5.       The Slovenian CKM is a bit of an enigma and probably best not to use as a resource. It went live in 2013, has 37 registered users. In December 2020, 10 archetypes were added, to support COVID work, and prior to that the most recent changes appear to have occurred in early 2018. My understanding is that these were the archetypes that were used in the first implementation of the Better EHR around 2013.

(If any of this information about the different CKMs is inaccurate, please let me know.)

In addition, there is a Chinese archetype library, the Healthcare Modelling Collaboration, and I believe there is also one in Chile, containing .json ‘archetypes’.

 

In reality, anyone can build an archetype for any purpose. But is it a good one? It depends on your intent. At one end of the spectrum, the content of an archetype can be really rough, quick and dirty but if it is only used in your system then it really doesn’t matter. On the other hand, if you want to design an archetype for use within the coherent ecosystem, especially where you need broad interoperability, you need to understand how to design the content of that archetypes to optimise the potential for reuse and semantic interoperability. Considerations include a choice of class, the scope and focus of the content, the underlying modelling pattern, and how to document it clearly.
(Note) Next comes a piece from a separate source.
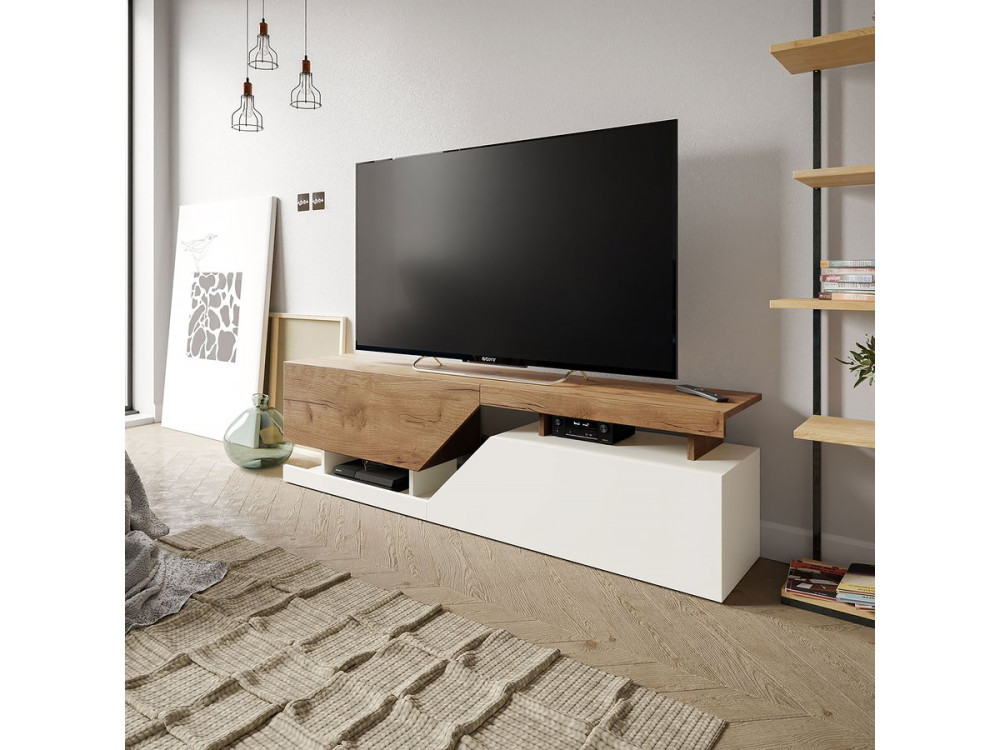 Soporte de TV "Ceelias" - 160 x 46 x 35 cm - Blanco/Marrón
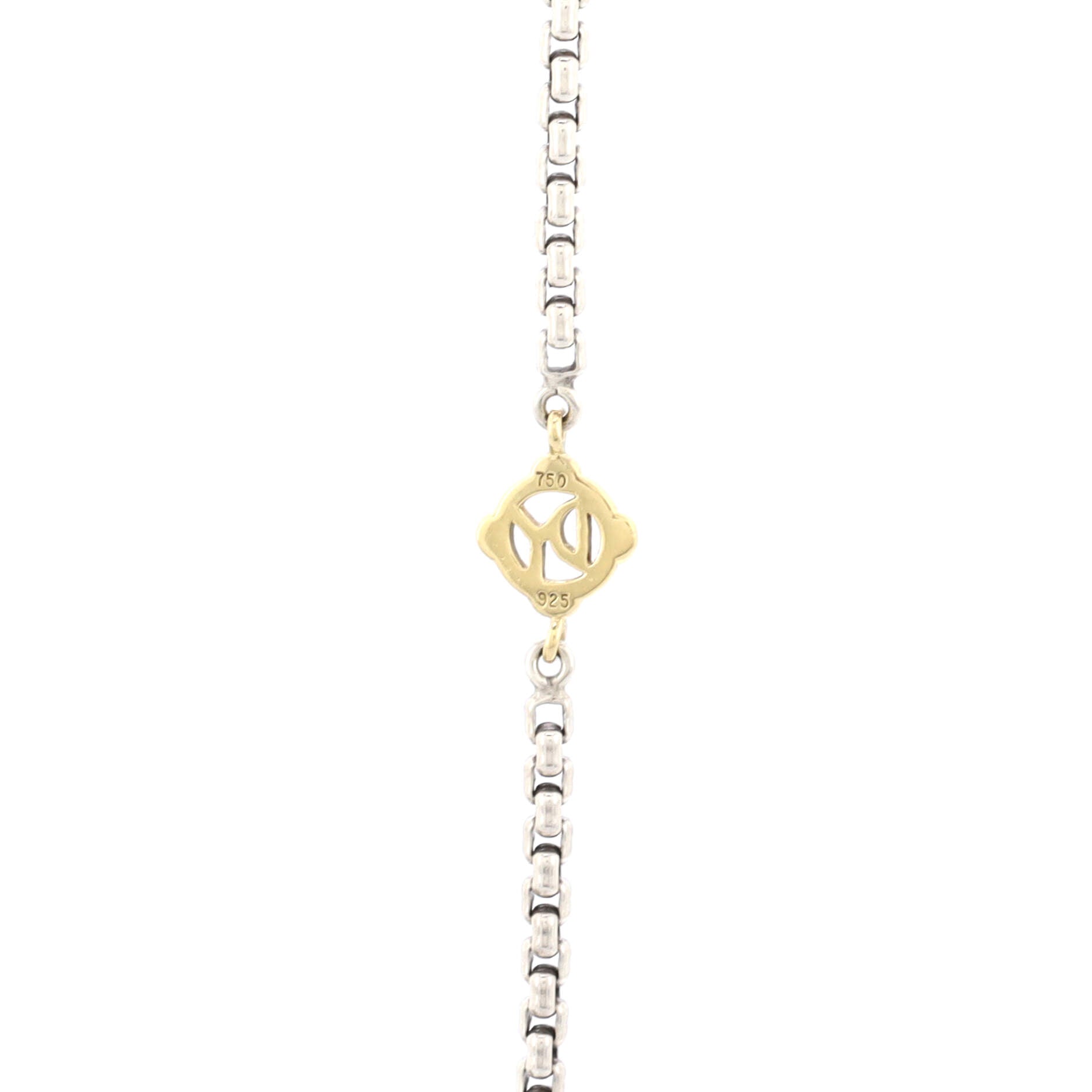 Logo Station Box Chain Necklace Sterling Silver with 14K Yellow Gold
In practice, we have archetypes in the wild that are at all positions on that spectrum. That is fine, as long as we understand the consequences of our design choice. Designing for local use limits future interoperability; designing for maximal reuse can take more time to investigate and document.  However, one thing that you can be sure of, if you use an archetype that is either a draft or has not been designed with interoperability as the goal, then there is a real risk of building up technical debt and effectively you are contributing to the data silo problem again. Simply using an openEHR archetype in a clinical system does not provide semantic interoperability ‘out of the box’; using shared and published international archetypes gives you the best opportunity to achieve degrees of interoperability and break down the data silos.